Set down every entry again word for word, please, but skip the pictures.
#### Extracted material ####
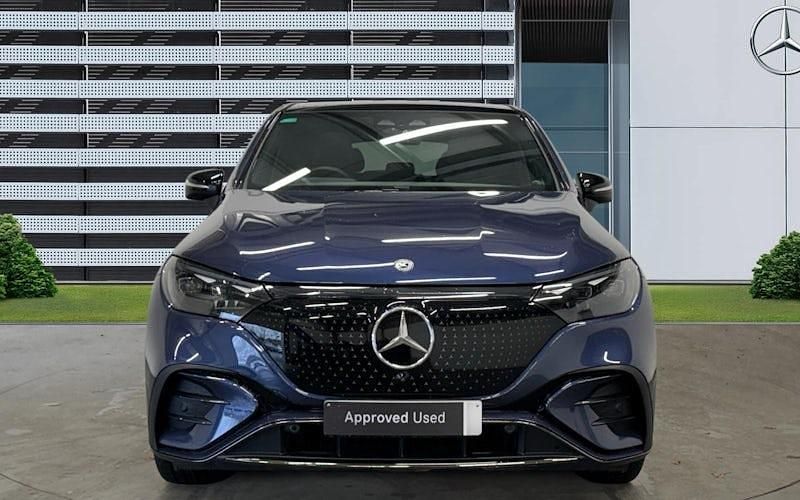 Used Mercedes EQE350 AMG line 214 kW (292 HP) 2025 SUV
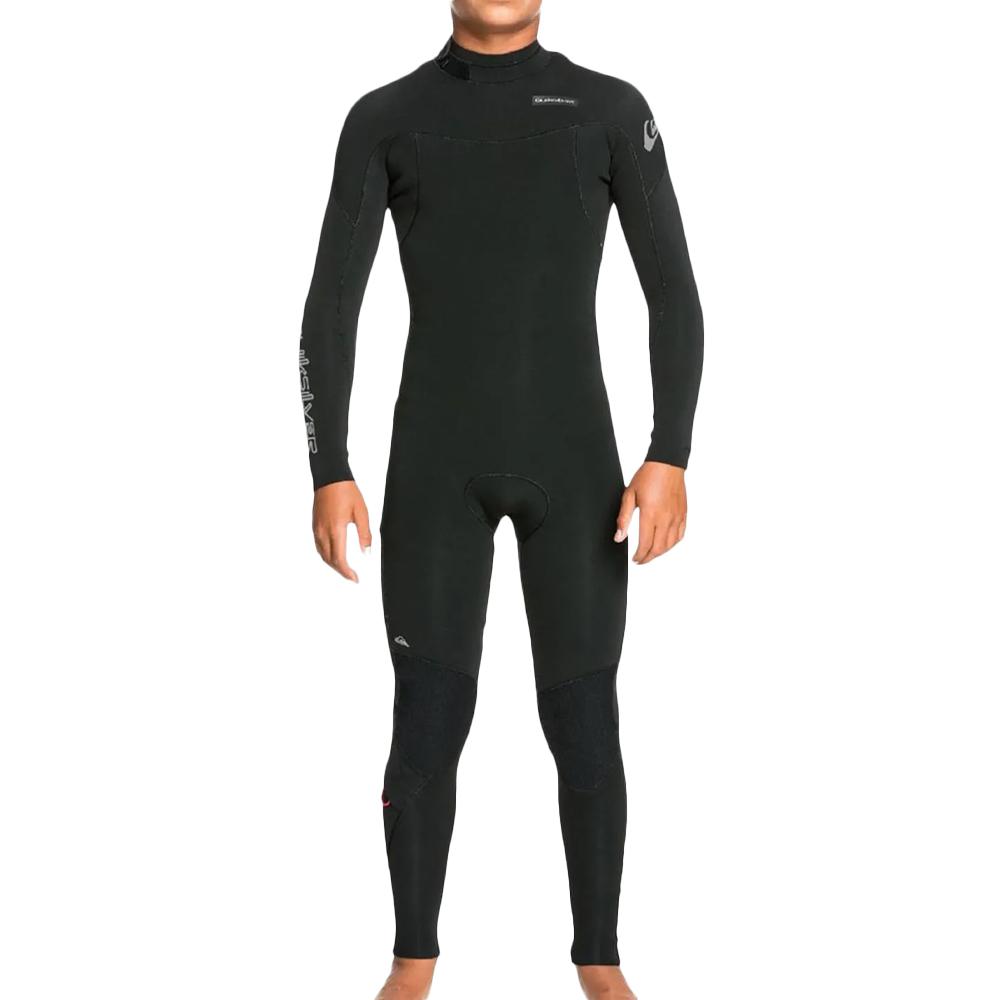 Quiksilver Combinaison intégrale Noir Garçon Quiksilver Everyday Sessions 4/3
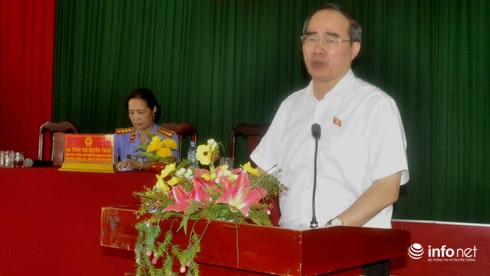 Ông Nguyễn Thiện Nhân: “Giải cứu” heo là không đúng quy luật thị trường - ảnh 1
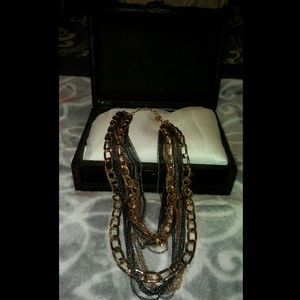 ⭐4 for $15⭐Multi-chain Necklace
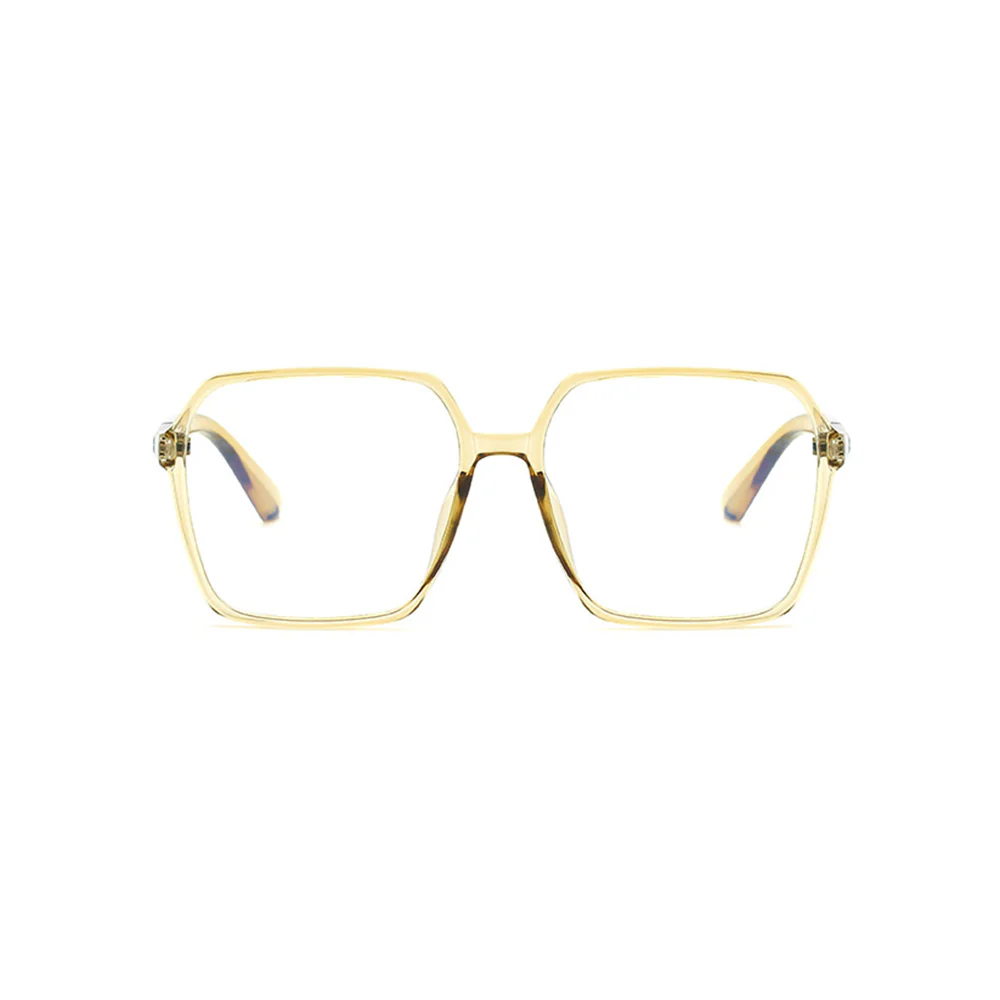 Oversize Square Frames Stylish Unisex VK2099 - Image 11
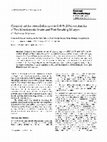 Research paper thumbnail of Chemical and structural differences in cell wall polysaccharides of two monokaryotic strains and their resulting dikaryon of Agaricus bisporus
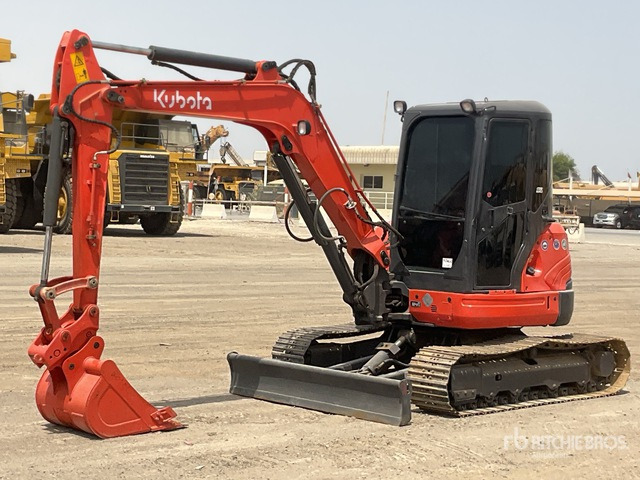 Kubota KX-155-3SZ Mini Excavator: <6.6t - Mini bager: slika Kubota KX-155-3SZ Mini Excavator: <6.6t - Mini bager Kubota KX-155-3SZ Mini Excavator: <6.6t - Mini bager: slika Kubota KX-155-3SZ Mini Excavator: <6.6t - Mini bager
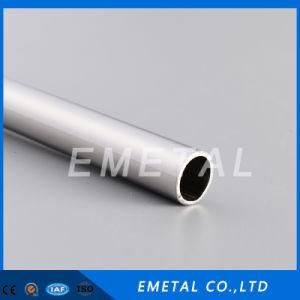 Inox AISI 304 201 316 430 ERW Stainless Steel Welded Round Tube / Welding Pipe for Handrail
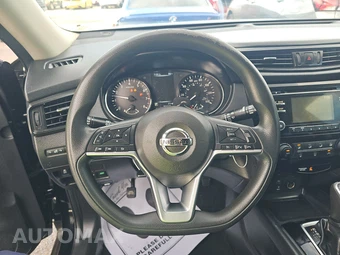 2017 Nissan Rogue S – miniatura 10
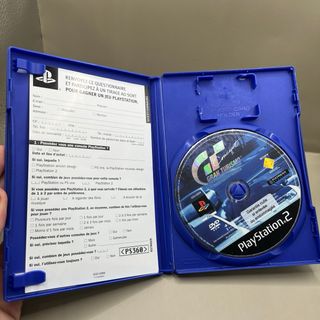 Gran Turismo Concept 2002 Tokyo-Geneva PS2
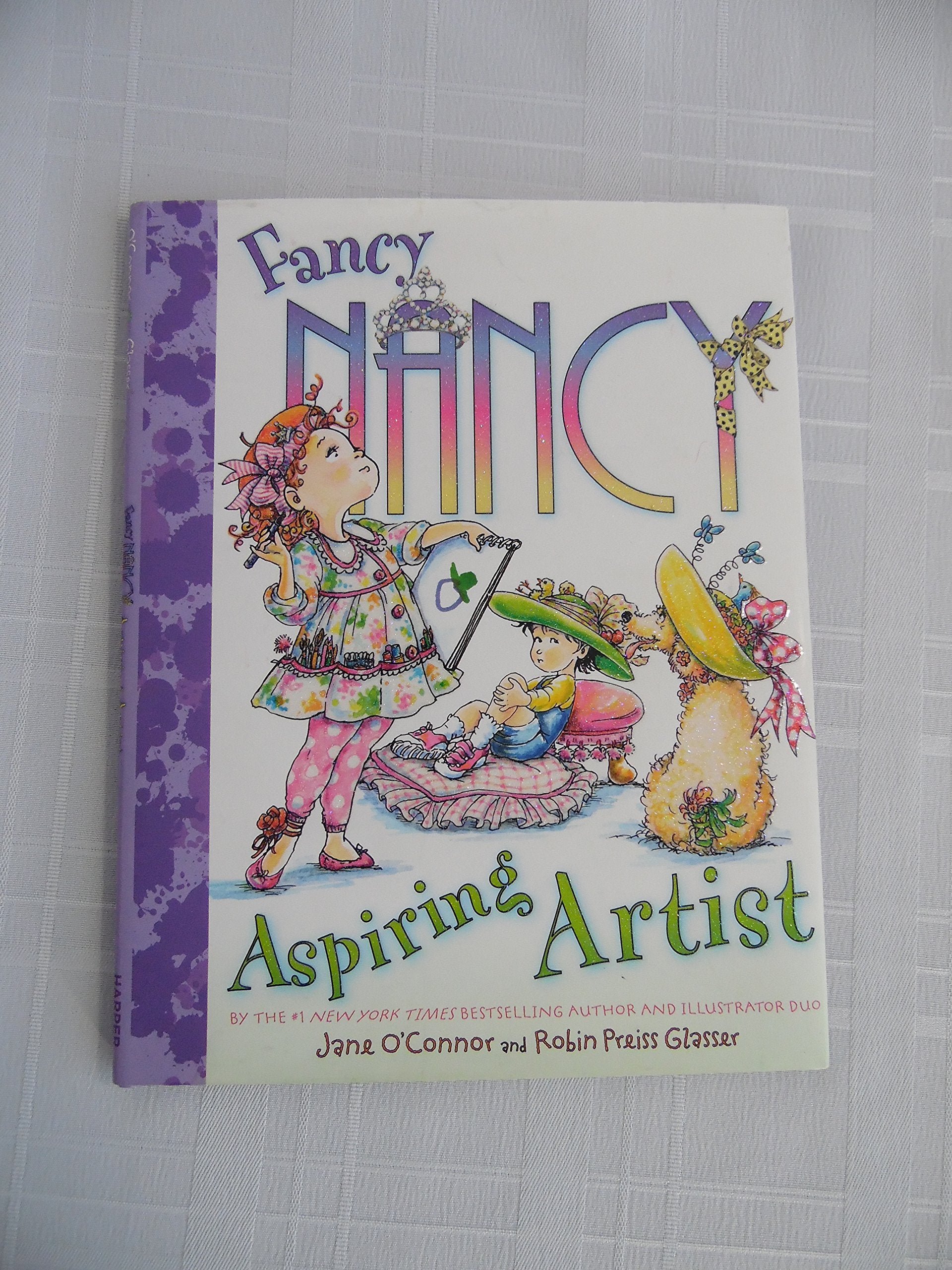 Fancy Nancy: Aspiring Artist Non-fiction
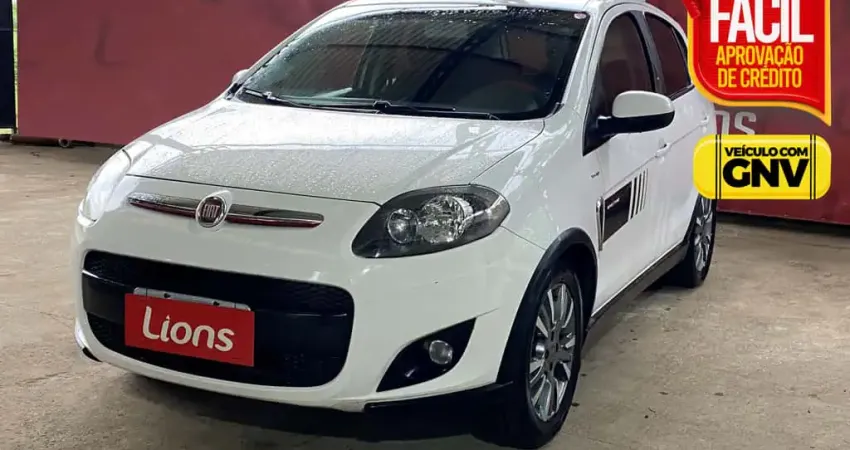 FIAT PALIO 1.6 SPORTING 16V 4P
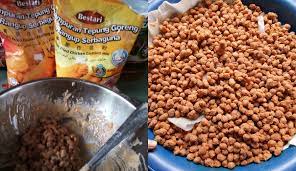 Karena tepung ini bisa digunakan untuk bahan dasar hampir semua kue dan camilan lho, baik itu kue basah, gorengan, dan juga kue kering. Hanya 4 Langkah Mudah Buat Sendiri Kacang Salut Tepung Yang Sedap Guna Tepung Bestari Maskulin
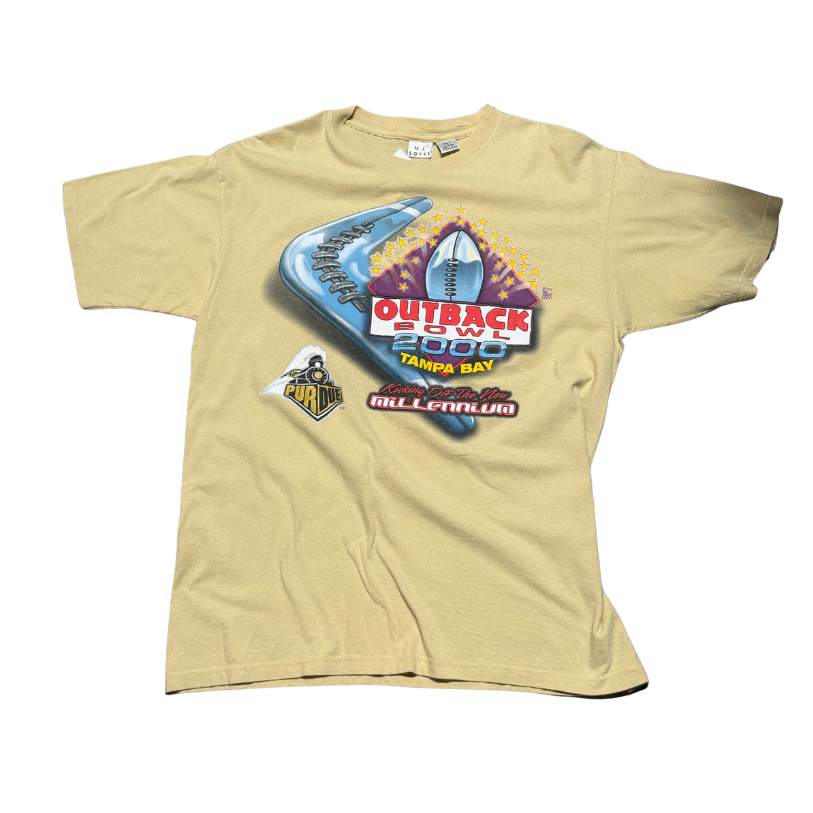 Outback bowl Tee
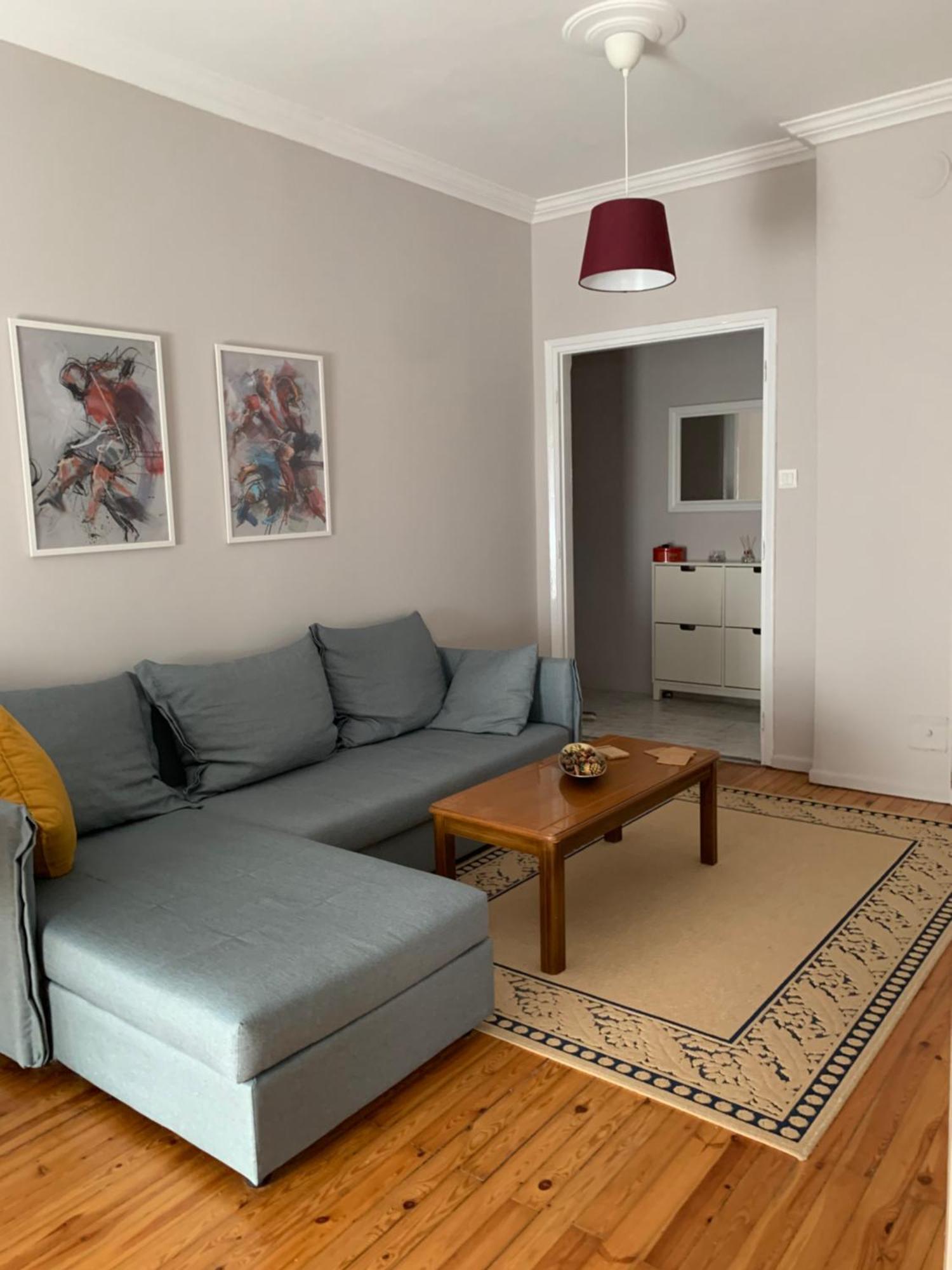 Artistic Eco Aprt, Rotunda Skg Apartment เทสซาโลนิกิ ภายนอก รูปภาพ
####
• _Task result_:
 Used Mercedes EQE350 AMG line 214 kW (292 HP) 2025 SUV
 Quiksilver Combinaison intégrale Noir Garçon Quiksilver Everyday Sessions 4/3
 Ông Nguyễn Thiện Nhân: “Giải cứu” heo là không đúng quy luật thị trường - ảnh 1
 ⭐4 for $15⭐Multi-chain Necklace
 Oversize Square Frames Stylish Unisex VK2099 - Image 11
 Research paper thumbnail of Chemical and structural differences in cell wall polysaccharides of two monokaryotic strains and their resulting dikaryon of Agaricus bisporus
 Kubota KX-155-3SZ Mini Excavator: <6.6t - Mini bager: slika Kubota KX-155-3SZ Mini Excavator: <6.6t - Mini bager Kubota KX-155-3SZ Mini Excavator: <6.6t - Mini bager: slika Kubota KX-155-3SZ Mini Excavator: <6.6t - Mini bager
 Inox AISI 304 201 316 430 ERW Stainless Steel Welded Round Tube / Welding Pipe for Handrail
 2017 Nissan Rogue S – miniatura 10
 Gran Turismo Concept 2002 Tokyo-Geneva PS2
 Fancy Nancy: Aspiring Artist Non-fiction
 FIAT PALIO 1.6 SPORTING 16V 4P
 Karena tepung ini bisa digunakan untuk bahan dasar hampir semua kue dan camilan lho, baik itu kue basah, gorengan, dan juga kue kering. Hanya 4 Langkah Mudah Buat Sendiri Kacang Salut Tepung Yang Sedap Guna Tepung Bestari Maskulin
 Outback bowl Tee
 Artistic Eco Aprt, Rotunda Skg Apartment เทสซาโลนิกิ ภายนอก รูปภาพ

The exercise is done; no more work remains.